◆ What you have to do:
When you reach the line with "veryshine.com Bridal acc.", start repeating the lines exactly and keep going to the end of the records, but drop every picture.

▽

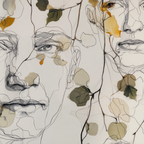 Künstlerische Darstellung Gesichter Mit Blättern Und Botanischen Elementen | Illustration und Zeichnung | Kunstgattungen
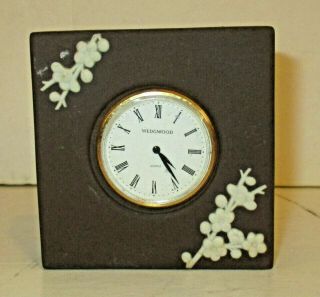 Wedgewood Brown Color Jasperware Small Desk Clock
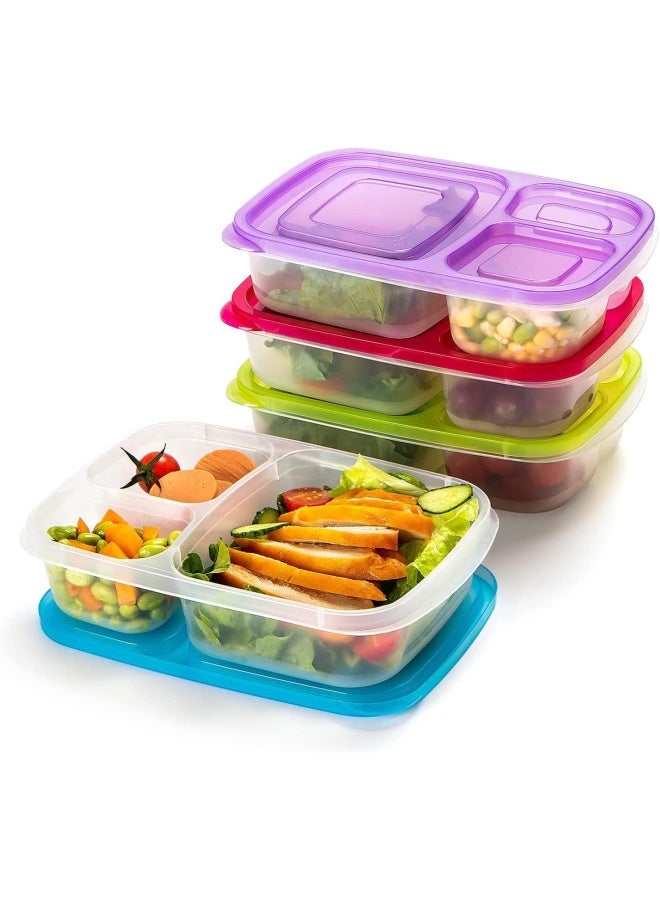 Premify 3 Pack Bento Lunch Box With 3 Compartments, Meal Prep Container, Bpa-Free Stackable Plastic Leakproof Food Storage Box, Microwave, Dishwasher & Freezer Safe - Image 1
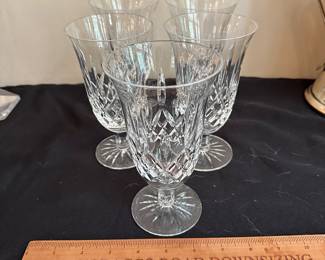 T117 - $125. Set of 5 Lismore Iced Tea Glasses. Measures 6.5" tall. 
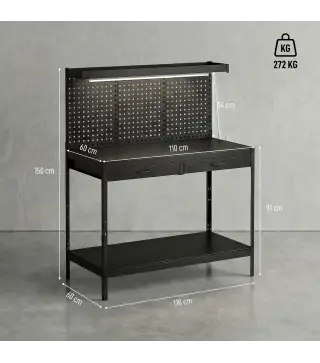 Banco de Trabajo Carga 272 kg 110x60x150 cm con Tableros Perforados Metálicos Toma de Corriente Luces LED Cajones Negro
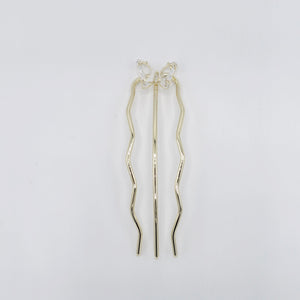 veryshine.com Bridal acc. Gold butterfly steel hair fork, 3 prong fork, butterfly hair fork, flower hair fork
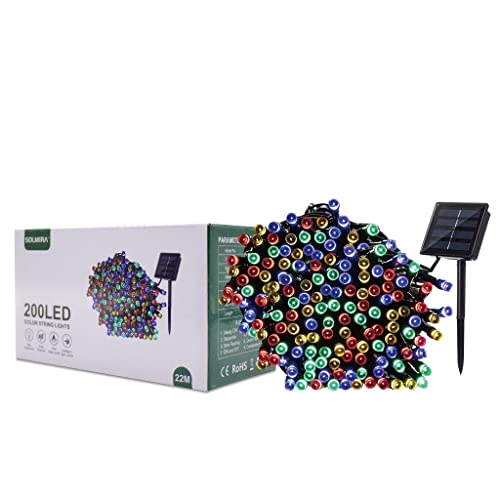 SOLMIRA Luces Solares LED de Exterior, 200 LEDs de Colores, 22M, 8 Modos, Certificado CE y RoHS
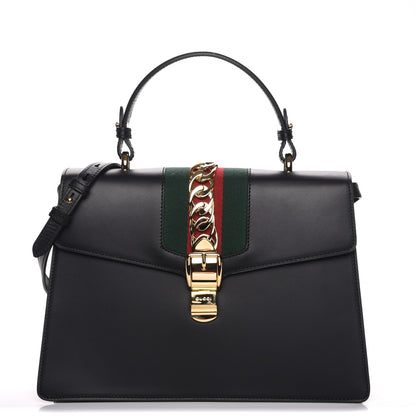 Gucci Calfskin Medium Sylvie Top Handle Bag Black 1 of 8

△

◆ Task result:
 veryshine.com Bridal acc. Gold butterfly steel hair fork, 3 prong fork, butterfly hair fork, flower hair fork
 SOLMIRA Luces Solares LED de Exterior, 200 LEDs de Colores, 22M, 8 Modos, Certificado CE y RoHS
 Gucci Calfskin Medium Sylvie Top Handle Bag Black 1 of 8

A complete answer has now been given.